It’s tough out there. Events industry planners have so many choices—from mobile apps, online floor plans, and event management platforms to room diagramming and attendance tracking. Name your itch. There is probably a solution out there to scratch it. But rather than complain about the proliferation of products, planners should celebrate the bounty. It’s actually a good thing, and can be the determining difference between growth and ultimate failure.
More competition can lead to lower prices for the events industry.
In some event technology verticals—where the barriers to entry are much lower (like mobile apps, for example)—more offerings in the market will likely push prices down.
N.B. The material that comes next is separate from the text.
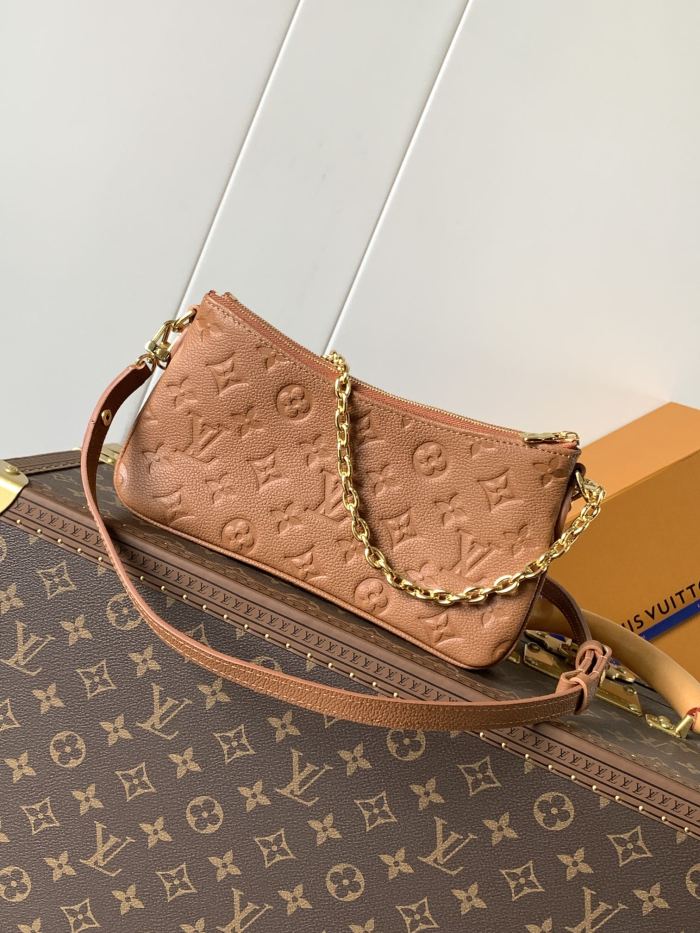 LV bags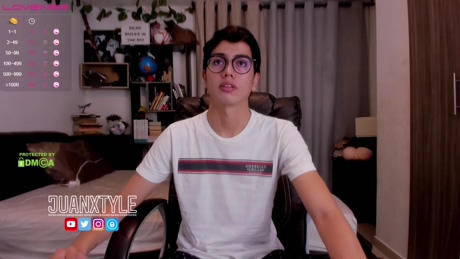 juancamroom  02-01-2022 video Download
Some companies will choose to offer their event-technology products as commodities and many buyers will benefit.
Ultimately, this technology is what drives innovation and agility for event planners. These tools are what allows professionals to do less with more. It's imperative that these leaders be empowered to improve their processes and elevate their customers performance.
Tech providers will eventually become more service oriented.
If competitive pricing doesn’t keep them in the game, developers will have to innovate in other ways. That innovation may not always come in the form of new features or benefits. Tech companies outside the event industry are talking more about customer experience—delivering outstanding service at every touch point—as a way to differentiate. It’s worked for Apple, and could provide the events industry with powerful new niche options.
This means more capailites for less money. Professionals want tailored solutions that are sized-to-fit. Service oriented development is designed to provide this kind of flexibility.
Education will become more available.
As event technology becomes more ubiquitous, planners will require more guidance on how to navigate the crowded field of apps and opportunities. More educators, consultants, and information outlets will be step up to fill the knowledge gap and mechanisms to simplify the purchase process will inevitably surface as well.
This is secondary to why technology can help the events industry, but important neverthless. Buyers will have to become better researchers; as the software they choose will have long-reaching affects on their business.
More opportunities will emerge for customers.
New technology doesn’t always have to be a challenge. In fact, planners should (and many do) regard new products as opportunities to improve and shape their events and event businesses. Staying plugged into the innovation will help them recognize those openings when they see them.
All technology will improve.
With more technology, all companies—legacy developers and new-market entrants alike—will have to become “bigger, stronger or faster” in order to compete. Eventually, features that were once shiny and new on one product will become standard on all products. And more, better products reduce the risk for buyers who are more likely to get what they want when there is a broader range of options. This will give event professionals more diversity and flexibility in how they do their jobs.
In consumer goods, there is such a thing as too many choices. In his book, “The Paradox of Choice: Why More is Less,” psychologist and TED speaker Barry Schwartz argues that more choices create shopper anxiety. To some extent, that’s true in event technology as well. That said, the angst that Schwartz describes hasn’t reduced the demand for consumer goods and it probably won’t reduce the demand for event technology either.
What really needs to happen is for buyers—event planners—to work harder at understanding event technology, support any efforts at simplifying the buying process, and help create an industry that welcomes innovation. There are exactly zero stores selling only one kind of milk and one brand of cereal. Having lots of choices is the hallmark of a vibrant society and a healthy industry.